### What you need to do
Repeat the records below word for word, but start at the line that contains "Women's Red Knit", stop after the last line, and include nothing else.

### The data
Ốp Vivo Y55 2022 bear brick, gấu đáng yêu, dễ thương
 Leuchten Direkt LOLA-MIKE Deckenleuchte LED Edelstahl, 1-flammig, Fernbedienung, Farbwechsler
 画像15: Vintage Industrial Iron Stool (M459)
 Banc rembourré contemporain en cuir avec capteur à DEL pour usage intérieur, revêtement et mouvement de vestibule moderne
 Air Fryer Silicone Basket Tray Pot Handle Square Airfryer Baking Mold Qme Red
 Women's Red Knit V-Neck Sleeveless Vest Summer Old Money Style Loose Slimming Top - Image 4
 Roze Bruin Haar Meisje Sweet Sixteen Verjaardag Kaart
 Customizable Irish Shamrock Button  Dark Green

### Finished exercise
 Women's Red Knit V-Neck Sleeveless Vest Summer Old Money Style Loose Slimming Top - Image 4
 Roze Bruin Haar Meisje Sweet Sixteen Verjaardag Kaart
 Customizable Irish Shamrock Button  Dark Green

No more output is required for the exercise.